=== SUPPLIED INFORMATION ===
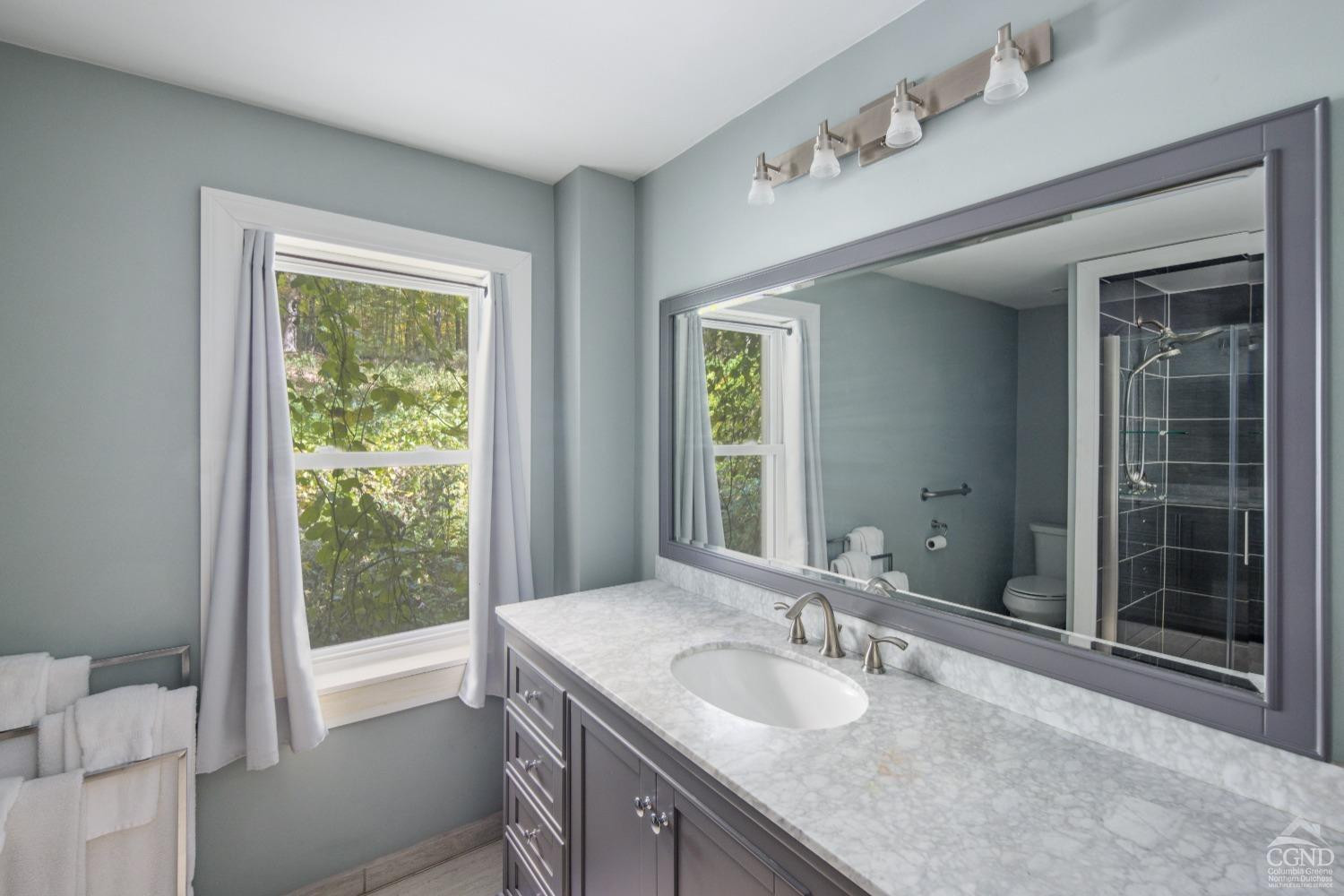 98 Goetz Road East Chatham, NY 12060 - Photo 13 of 28 a en suite bathroom with a granite countertop sink and a large mirror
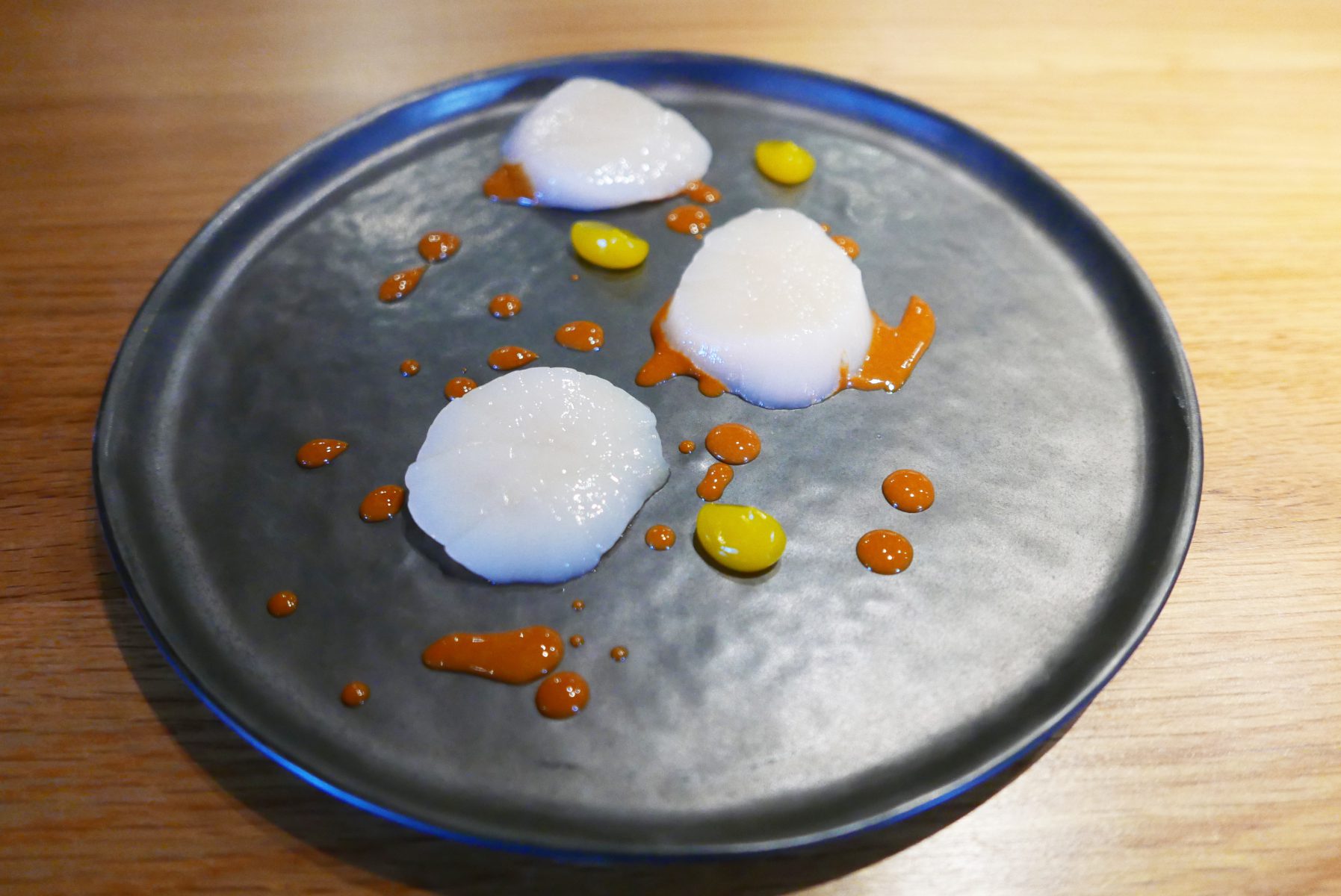 Live scallops from Isle of Mull ( still moving when touched with a fork) with sea urchin and coffee cream,shiro dashi. Mikael always outsources the best scallops one can get.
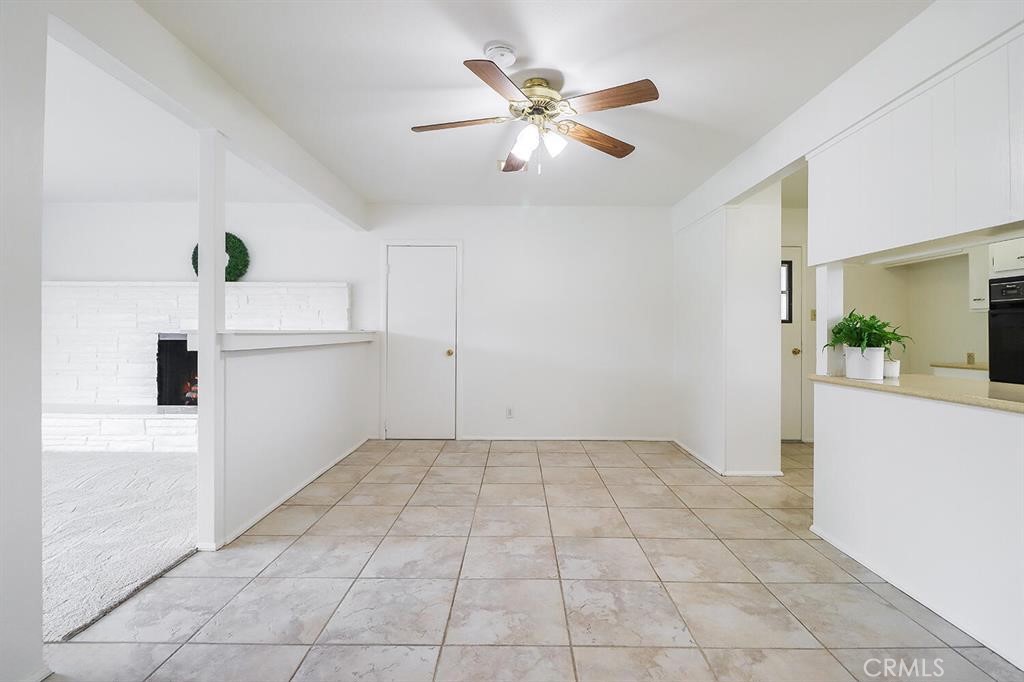 1870 Burch Avenue Simi Valley, CA 93063 - Photo 8 of 22 a view of a livingroom with wooden floor and a ceiling fan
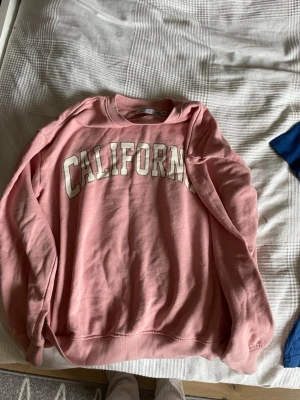 Rosa sweatshirt CALIFORNIA - Säljer en rosa sweatshirt med trycket 'CALIFORNIA' i stora vita bokstäver över bröstet. Tröjan har rund halsringning och ribbade muddar vid ärmslut och nederkant. Perfekt för en avslappnad och cool stil.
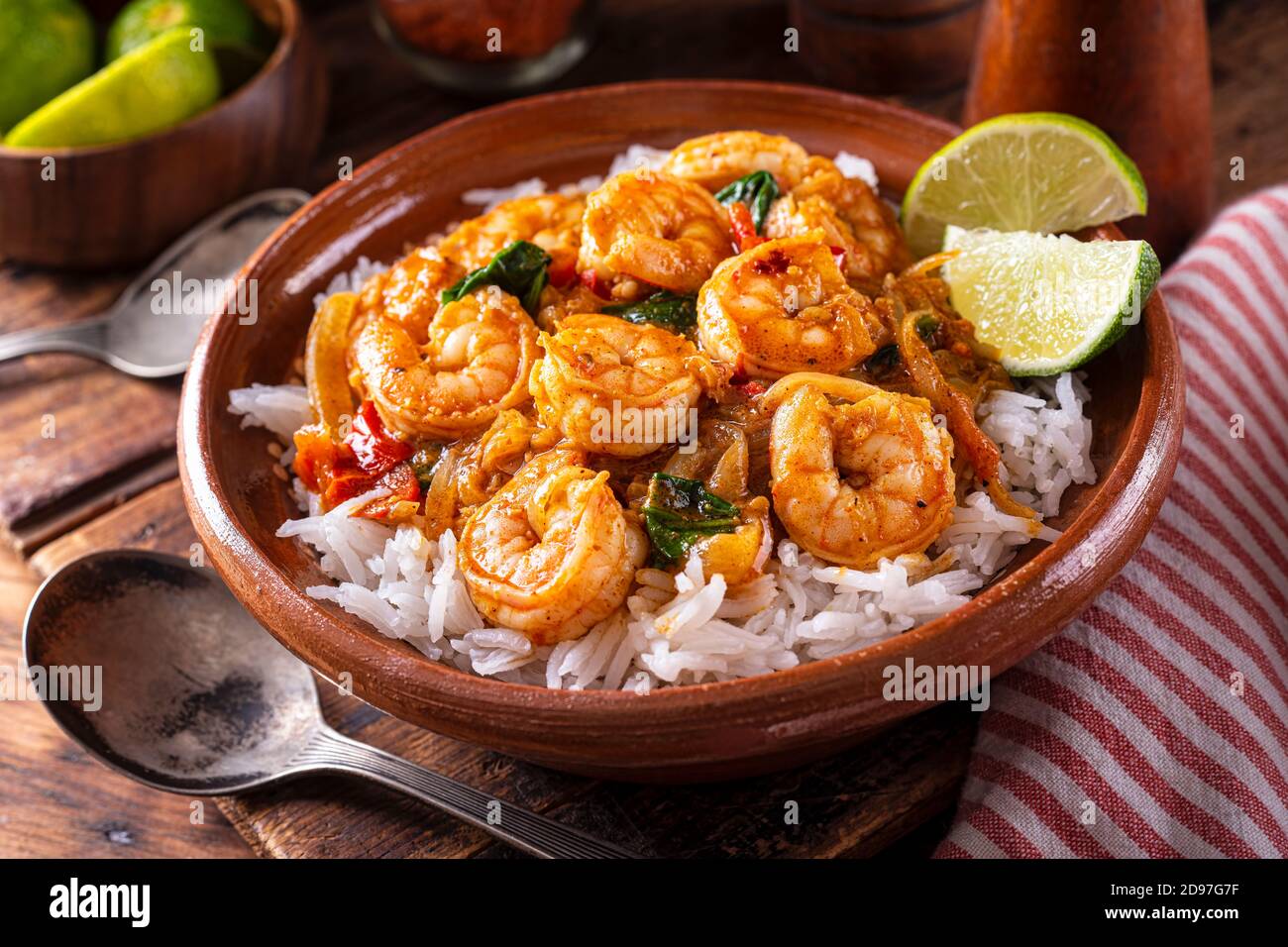 Una ciotola di delizioso masala di curry di gamberi in stile indiano del sud con pomodoro, spinaci, riso basmati e lime. Foto Stock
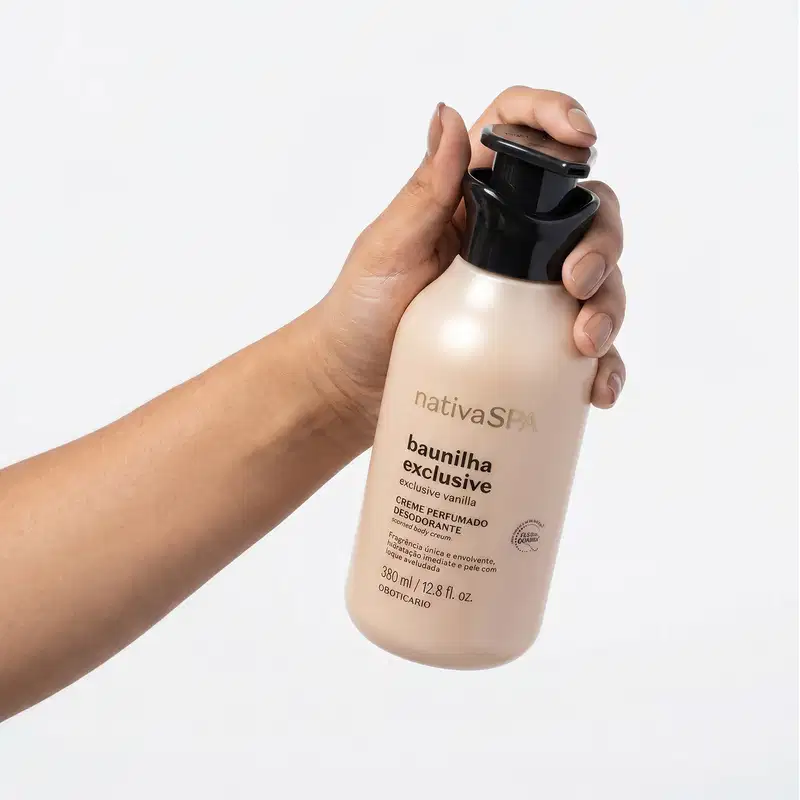 Mão segurando um frasco de item de perfumaria da marca Nativa SPA, com rótulo em inglês "baunilha exclusive". O frasco tem formato cilíndrico, cor bege clara e tampa preta. Fundo branco, com espaço em branco ao redor do produto.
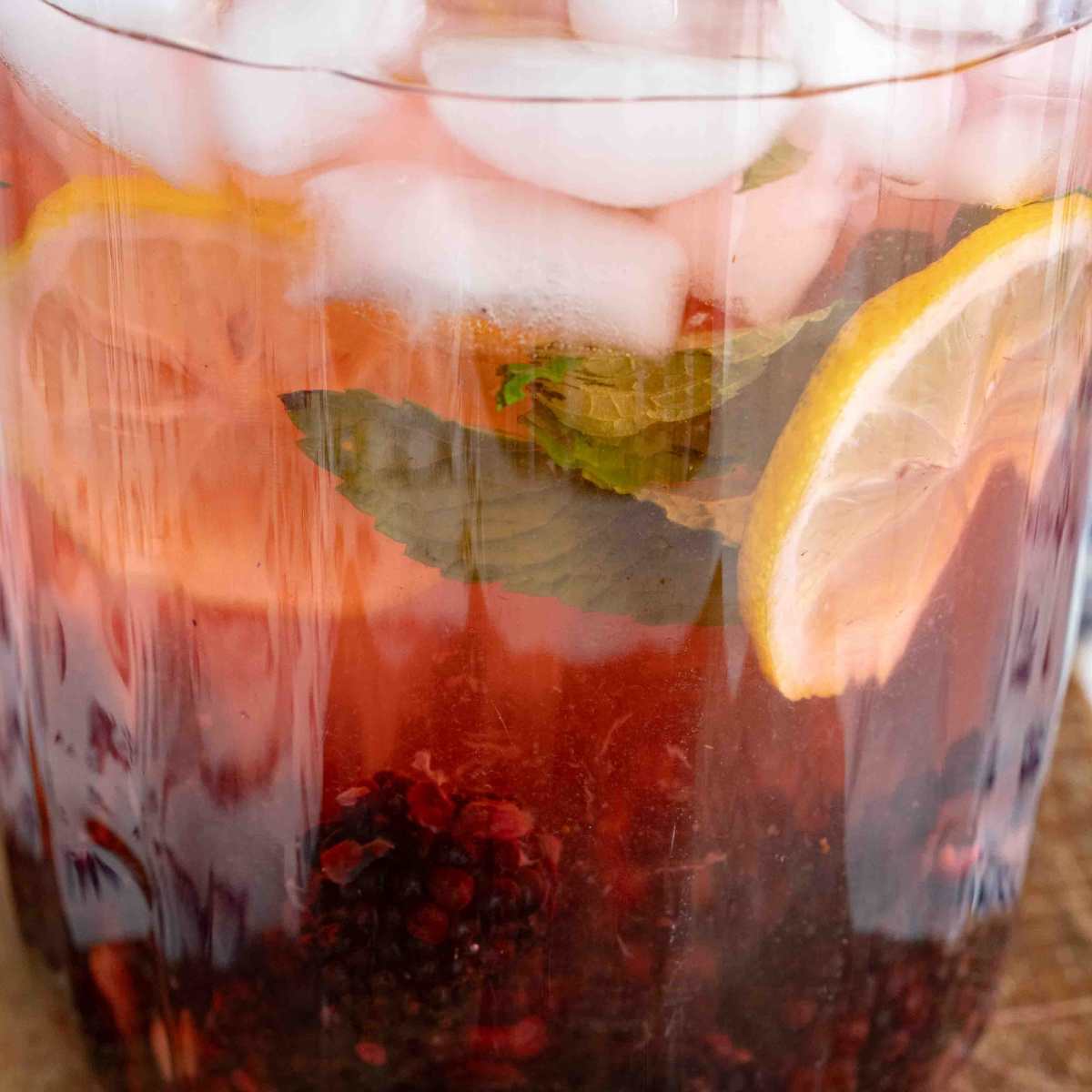 close up of pitcher of blackberry lemon water wth fruit and ice cubes.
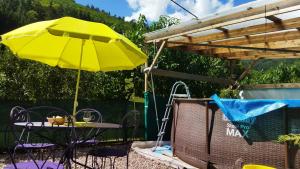 an umbrella and a table and chairs under a canopy at Abri de jardin aménagé, chambre Camping Glamour in Lalaye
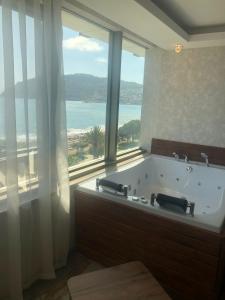 a bathroom with a tub with a large window at Wien Star Hotel in Alanya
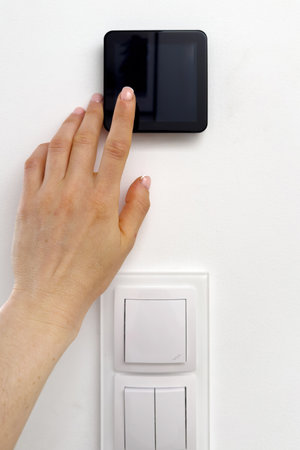 Hand reaches out and touch black touchscreen thermostat, adjusting comfortable temperature at home, cropped vertical shot. Light switches and smart home automation system on white wall in living roomの写真素材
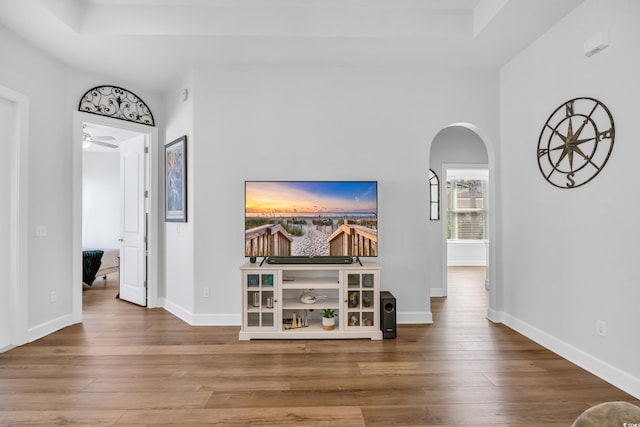 hall with wood finished floors, arched walkways, and baseboards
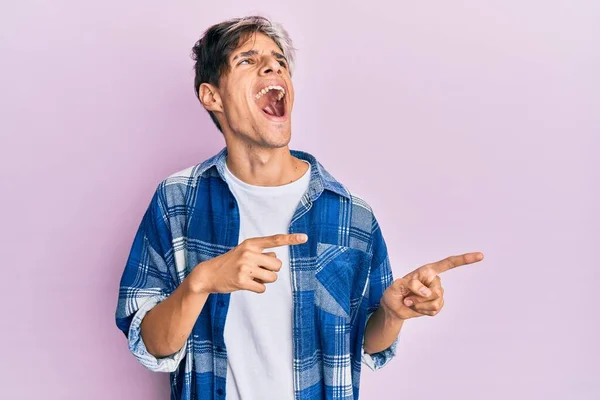 Joven Hombre Hispano Señalando Con Los Dedos Hacia Lado Enojado —  Fotos de Stock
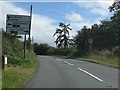 Sign and milepost on the B4202 approaching Clows Top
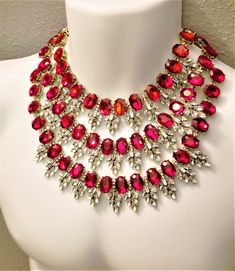 "Hello, welcome to Ken's Closet *My camera didn't like the red color* All red crystals are the same color. In the picture, they look like a mixture of red, pink, and orange. Today we have a beautiful 3 strand Ruby Red and Diamond Clear Crystal Necklace. The crystals are set in gold metal, they really bring out the color. Large crystals are accented by smaller Clear crystals. The necklace is appx 18\" long total. The hang is appx 5\" from the center top stand to the bottom 3rd strand. Crystals ar Red Crystal Necklace, Statement Jewelry Necklace, Wedding Jewelry Sets Bridal Jewellery, Clear Necklace, Blessed Wednesday, Clear Crystal Necklace, Neck Pieces Jewelry, Crystal Chandelier Earrings, Gem Necklace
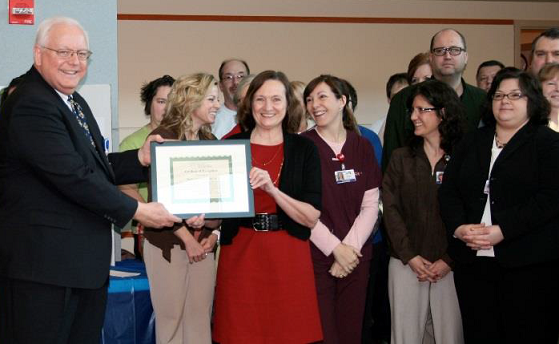 Howard Eikenberry and staff of Boone County Hospital receiving CAH Recognition certificate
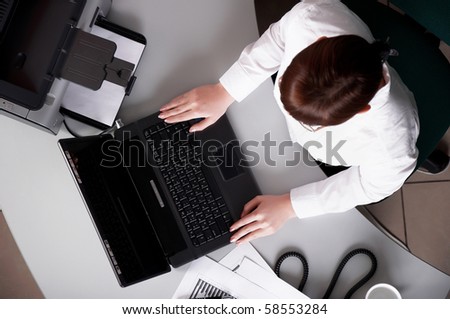 Young business woman working on a laptop at his desk in the office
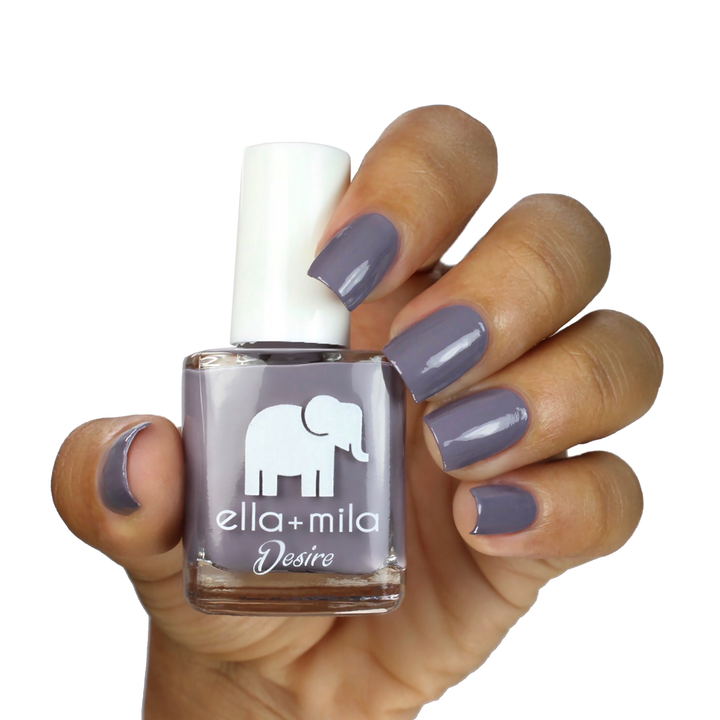 Mauve Over muted grey-purple nail polish on a medium skin tone, hand holding the bottle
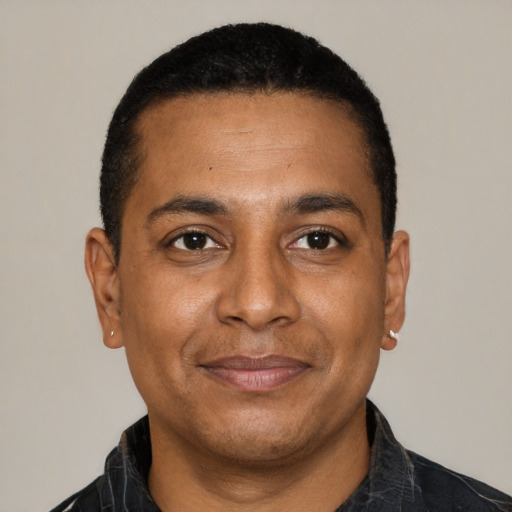 Joyful latino adult male with short  black hair and brown eyes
===
--- EXERCISE AIM ---
Given the entries above, transcribe exactly the lines from the one holding "1870 Burch Avenue" through the one holding "Una ciotola di"; pictures do not belong in the transcription.

--- YOUR RESPONSE ---
 1870 Burch Avenue Simi Valley, CA 93063 - Photo 8 of 22 a view of a livingroom with wooden floor and a ceiling fan
 Rosa sweatshirt CALIFORNIA - Säljer en rosa sweatshirt med trycket 'CALIFORNIA' i stora vita bokstäver över bröstet. Tröjan har rund halsringning och ribbade muddar vid ärmslut och nederkant. Perfekt för en avslappnad och cool stil.
 Una ciotola di delizioso masala di curry di gamberi in stile indiano del sud con pomodoro, spinaci, riso basmati e lime. Foto Stock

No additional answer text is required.